Greensboro’s Agapion family and Arco Realty, the company it controls, seem intent on proving this old adage to be true.
Arco specializes in low-income housing of the type afforded to people with few other prospects — bad credit, criminal records and underemployment among them. Their apartments at the corner of Summit Avenue and Cone Boulevard cater most specifically to refugees. The family that perished when one of the units caught fire in May — all five children — came to Greensboro from the Democratic Republic of the Congo.
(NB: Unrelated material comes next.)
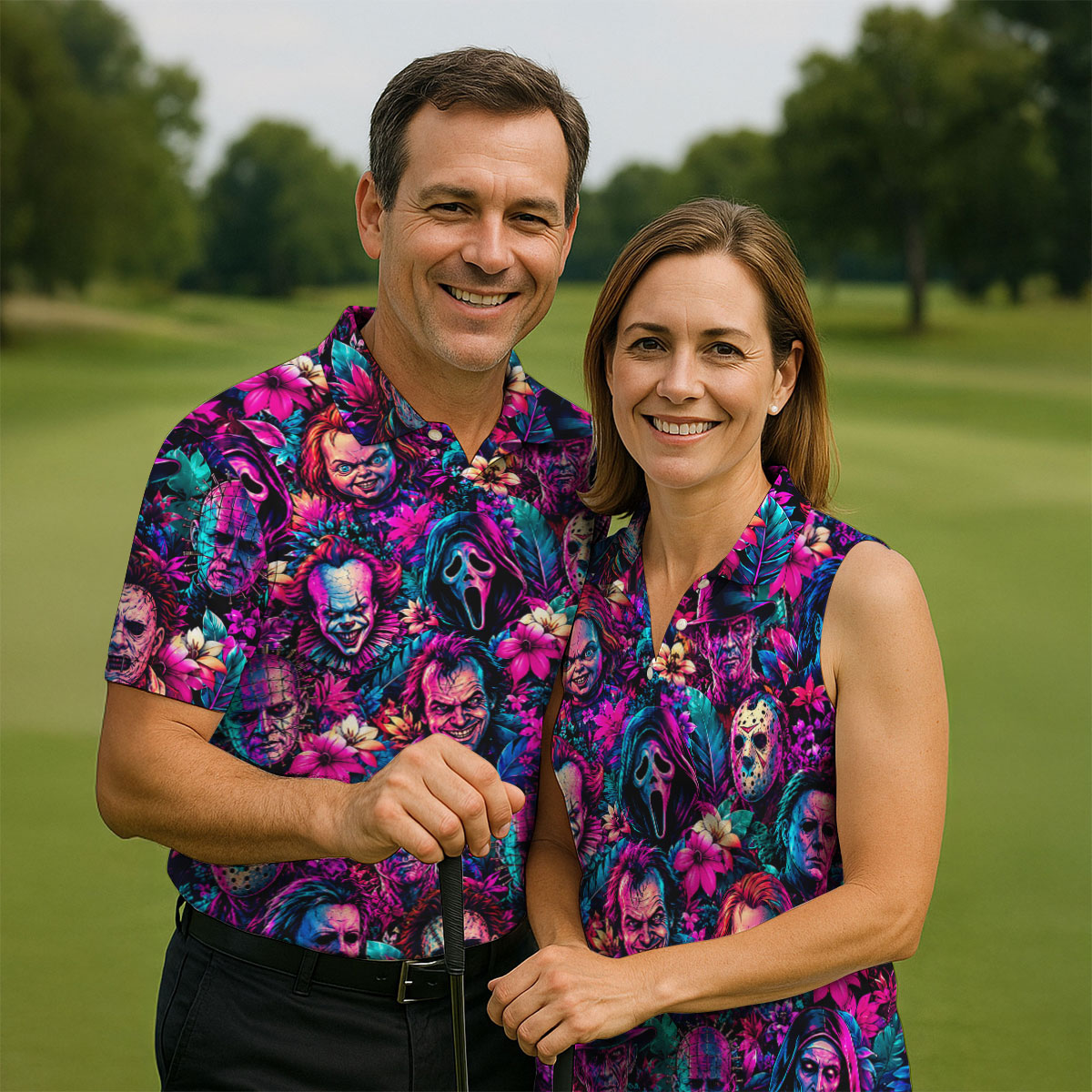 Neon Floral Horror Character Halloween Golf Shirt, Golf Shirts For Men, Mens Golf Apparel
Concurrently, Arco Realty is being sued by the widow of Gary Lee Hickenbottom, a plumber who was electrocuted while working on an Agapion property on Kersey Street, Triad City Beat’s Jordan Green reported in June. A building inspector reported afterward that no permits had been secured for the wiring in the building, and that it was dangerously below code.
In February 2015, City Beat’s Eric Ginsburg reported that the Agapion family, through different companies, owed $346,775 in outstanding fines on their 400 Greensboro properties.
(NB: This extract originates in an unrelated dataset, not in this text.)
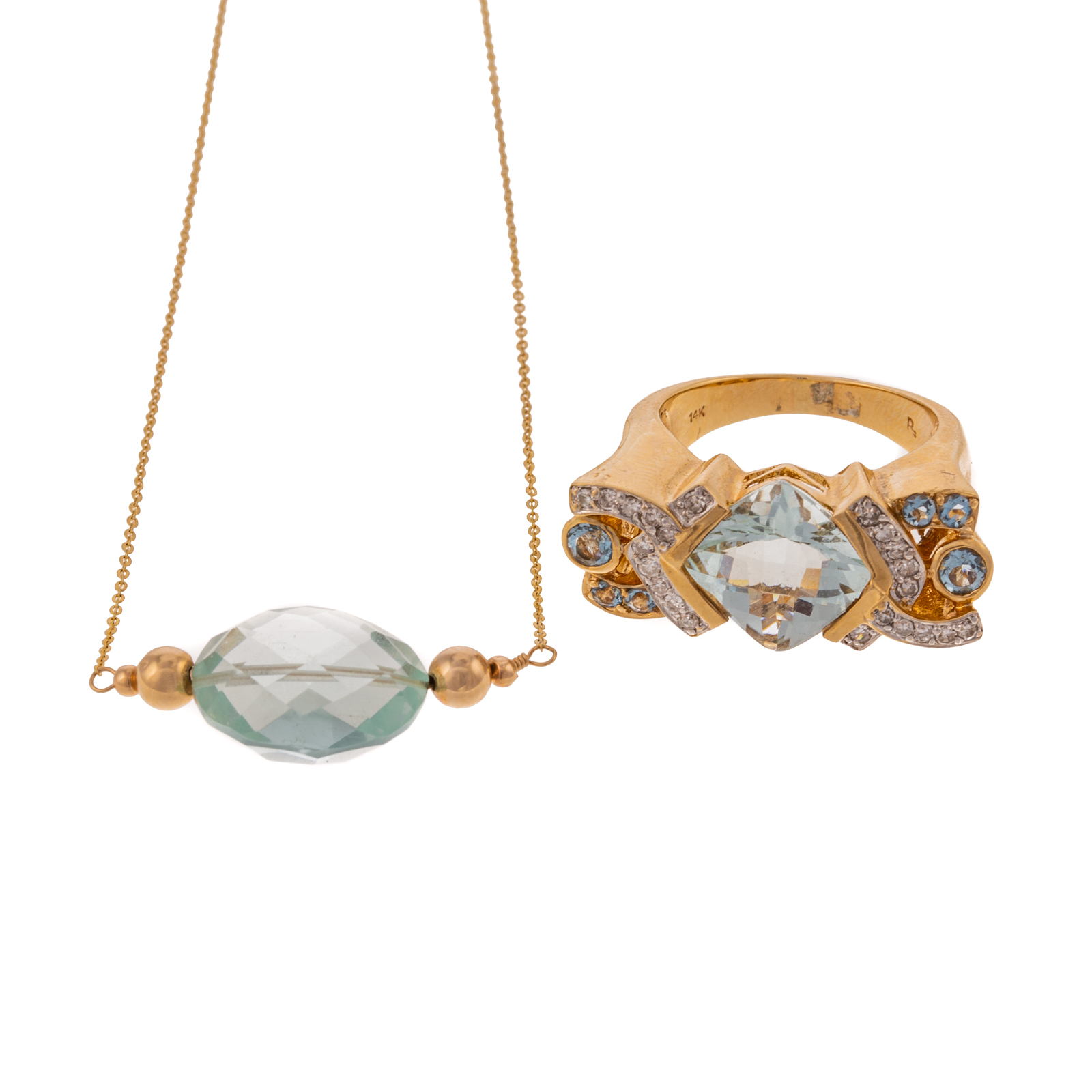 Appraisal: AN AQUAMARINE RING NECKLACE IN K K yellow gold ring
Fox 8 News reported in August 2013 that two Agapion apartment buildings on Floyd Street had been condemned by the city.
Credit Greensboro activist Andrew Young with reminding everyone on social media this week of a 2006 News & Record article by a forgotten staffer about a motion in Superior Court that accused family patriarch Bill Agapion of forging a tenant’s initials on an agreement indicating the tenant was aware of the lead paint in their Agapion-owned apartment — the family was suing the Agapions after a doctor found lead in their 4-year-old daughter’s bloodstream.
Legendary N&R reporter Lorraine Ahearn made it her business to hound the Agapion family through their various escapades in civil — though never criminal — court. One short piece from 2005 described Bill Agapion’s reaction to the Greensboro Housing Coalition after they took city council on a tour of distressed properties in the city, many of them under his control: A certified letter that read, in part, “Stay off our property.”
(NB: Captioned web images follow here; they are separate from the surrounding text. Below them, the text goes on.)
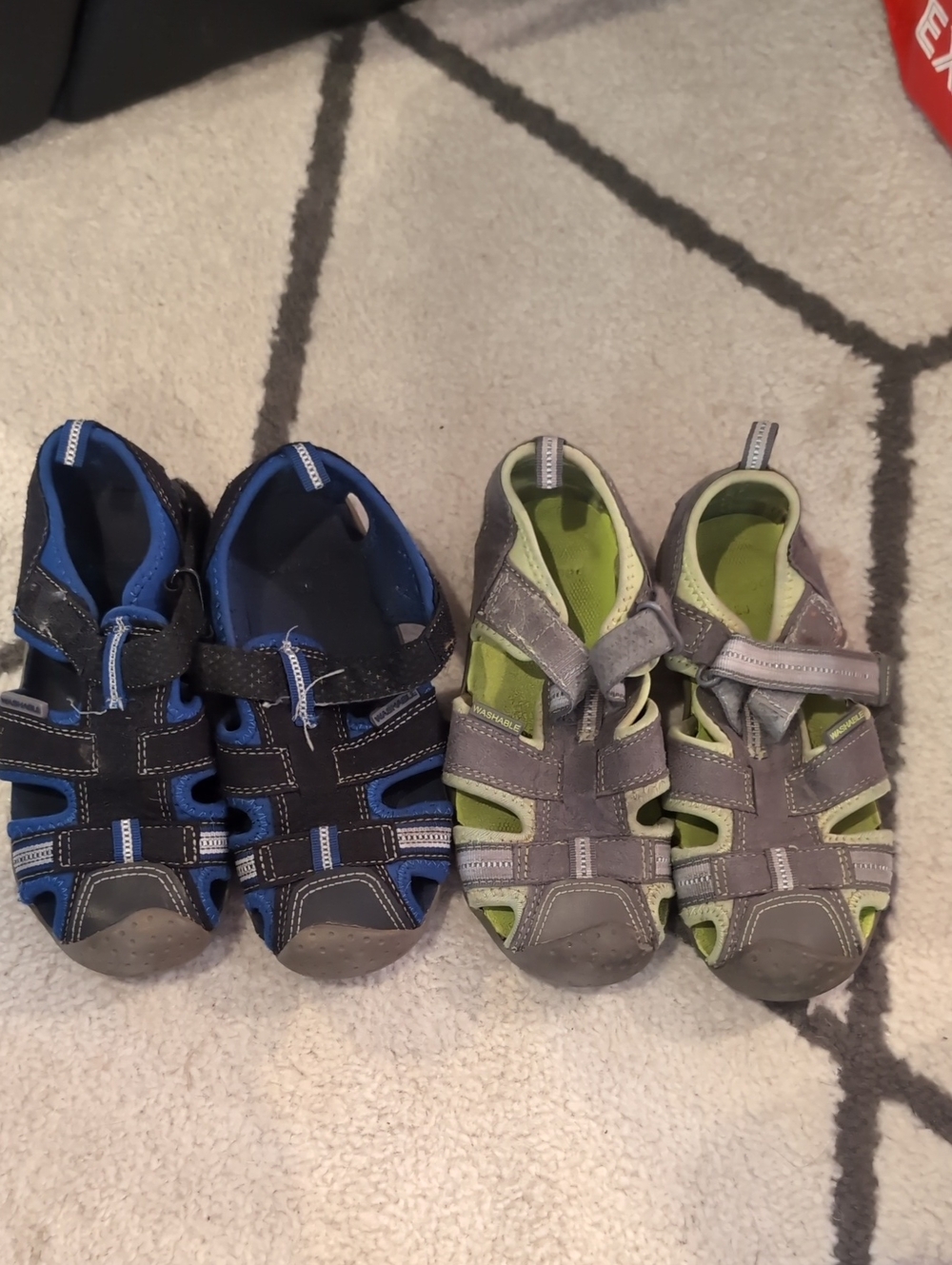 pediped Closed-Toe Kids Sandals in Blue and Gray-Green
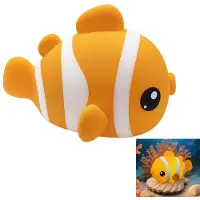 Dopwii Nachtlicht Kinder Clownfisch, Nachtlampe Dimmbar Timer, Touch-Steuerung Silikon Nachtlicht Baby, USB-Aufladbar, Cute Nachtlicht Kinderzimmer Deko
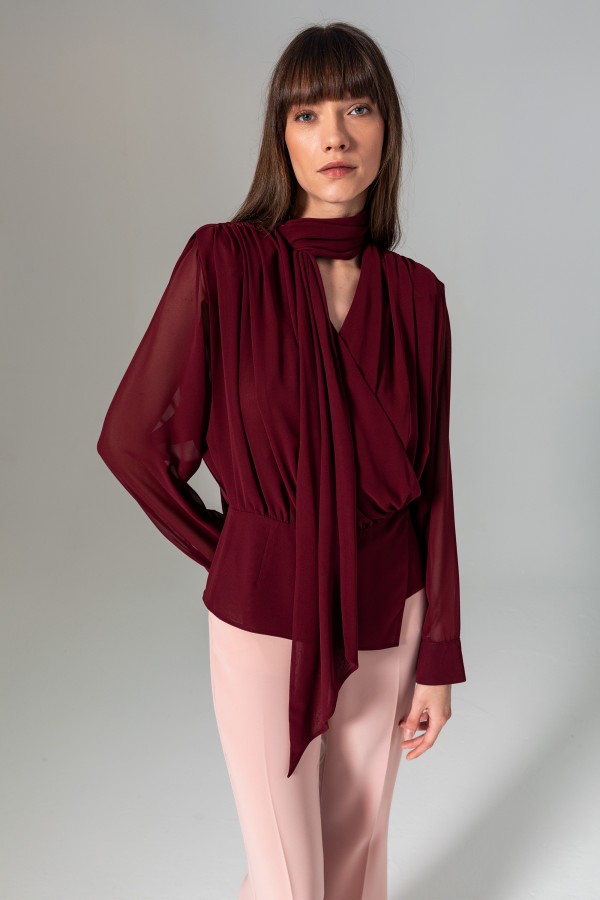 Şal Yaka Kruvaze Bluz Bordo Şal Yaka Kruvaze Bluz Bordo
The paper trail goes back to the 1970s, for anyone who cares to delve into it. And yet the Agapions still maintain their family business, even as they have disrupted so many other families.
It’s not a reporter’s job to ask why, and so it falls upon the editorialist to ask the question: With a long record of inattention to properties and an actual body count, why is the Agapion family still doing business in Greensboro?
And what is the point of exposing them when it doesn’t seem to make a difference?